Ответьте, пожалуйста.

И здесь расщепление слишком заметно. Те, неэстетические романтики, напротив, никаких легенд не изображают, но они сами — легенды. Итак. расщеп-то давно есть, а размежеваться никак не могут. Все эстетики нет-нет да и вообразят себя трагичными, будто это то же, что трагедии писать.

* * *

Чемпион наших молодых, — несомненно, Александр Блок.

Это, в полном смысле слова и без малейшей иронии, — краса подрастающей поэзии, что краса! — ее очарование.

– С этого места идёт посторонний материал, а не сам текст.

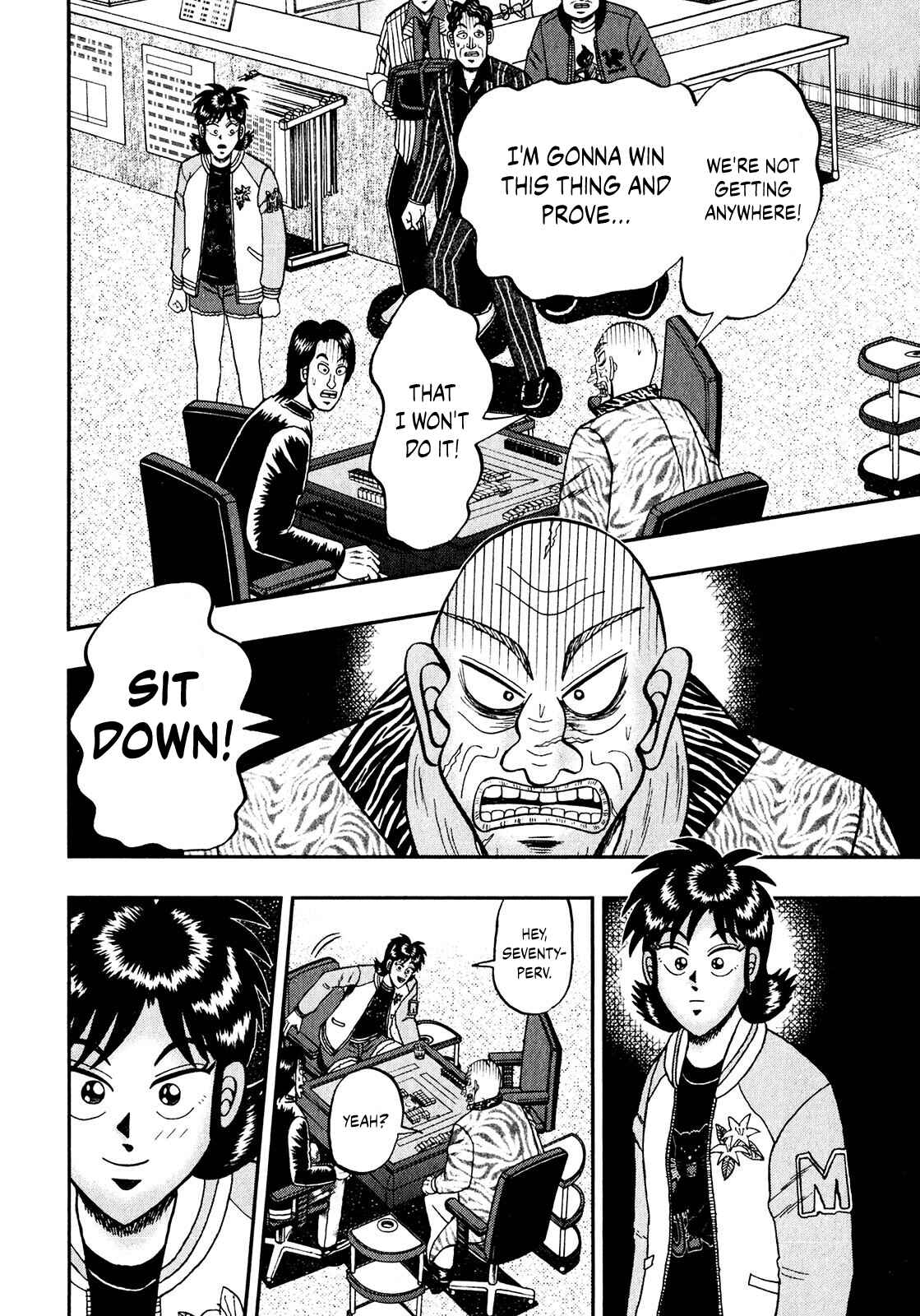Page 12 Chapter 7 Shadow Mahjong Fighter Mamiya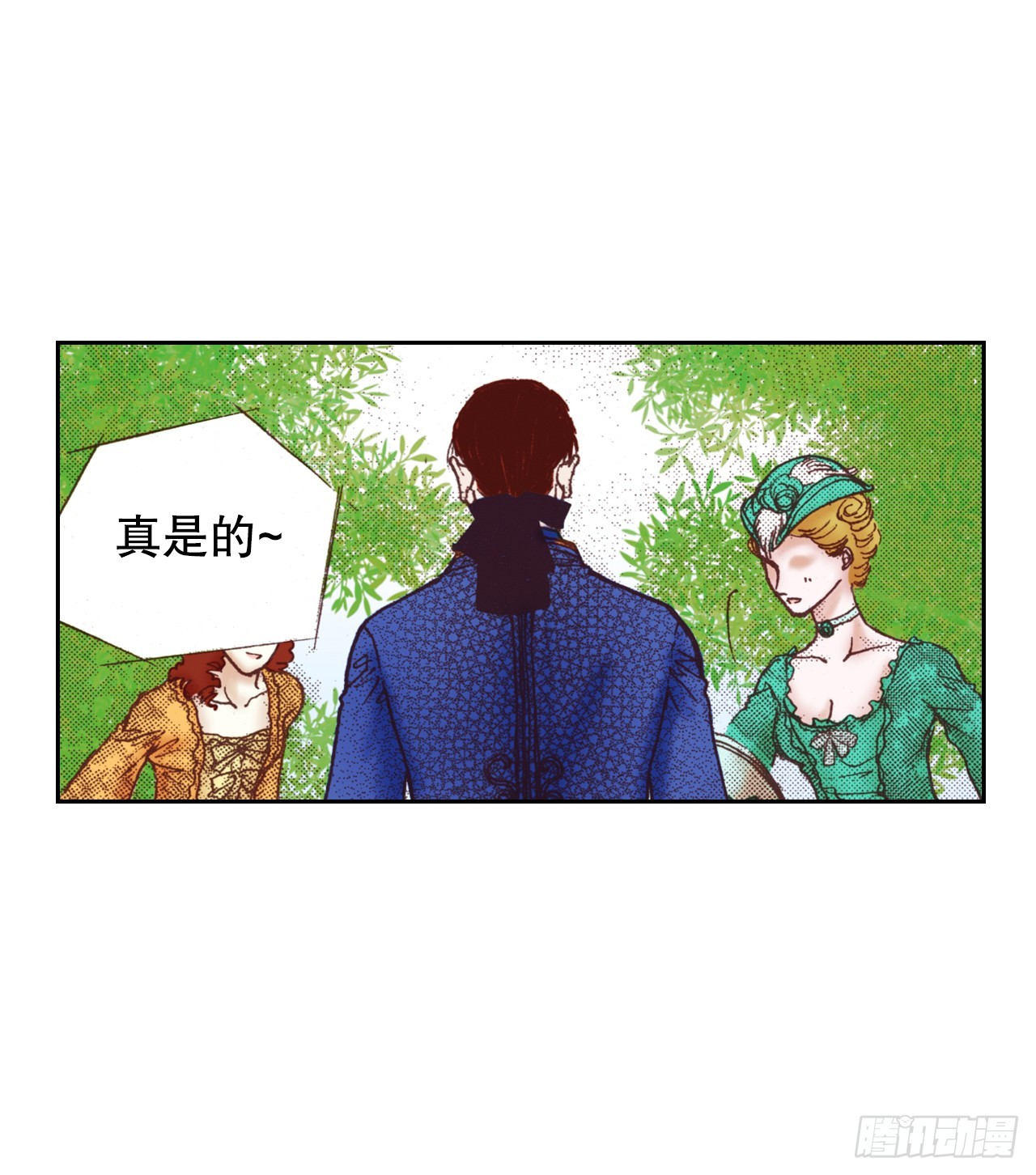 37.探病(1/2)-第38话
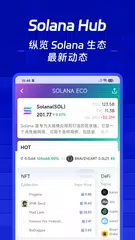 Foresight News XAPK 下載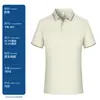 Camisa polo de nailon de seda de hielo de verano de alta elasticidad, bordado, estampado, ropa para empleados de empresa, camiseta de manga corta con cuello, logotipo personalizado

Не только настоящий, природный символист, но он и сам — символ. Напечатанные на карт-посталях черты являют нам изящного Андрогина, а голос кокетливо, намеренно бесстрастный, белый, таит, конечно, самые нежные и самые чуткие модуляции.

Маска Андрогина — но под ней в самой поэзии ярко выраженный мужской тип любви, любви, которая умеет и обманно пленить и, когда надо, когда того хочет женщина, осилить, и весело оплодотворить.

Но я особенно люблю Блока вовсе не когда он говорит в стихах о любви. Это даже как-то меньше к нему идет. Я люблю его, когда не искусством — что искусство? — а с диковинным волшебством он ходит около любви, весь — один намек, один томный блеск глаз, одна чуть слышная, но уже чарующая мелодия, где и слова-то любви не вставить.

Кто не заучил в свое время наизусть его «Незнакомки»? В интродукции точно притушенные звуки cornet-a-pistоn.

По вечерáм над ресторанами…

Слова точно уплыли куда-то. Их не надо, пусть звуки говорят, что им вадумается…

Горячий воздух дик и глух

И правит окриками пьяными

Весенний и тлетворный дух.

Потом идет крендель, уже классический, котелки, уключины… диск кривится, бутылка нюи с елисеевской маркой (непременно елисеевский нюи-что же вы еще придумаете более терпкого и таинственного?), пьяницы с глазами кроликов…

И как все это бесвкусно — как все нелепо, просто до фантастичности латинские слова зачем-то… Шлагбаумы и дамы — до дерзости некрасиво. А между тем так ведь именно и нужно, чтобы вы почувствовали приближение божества.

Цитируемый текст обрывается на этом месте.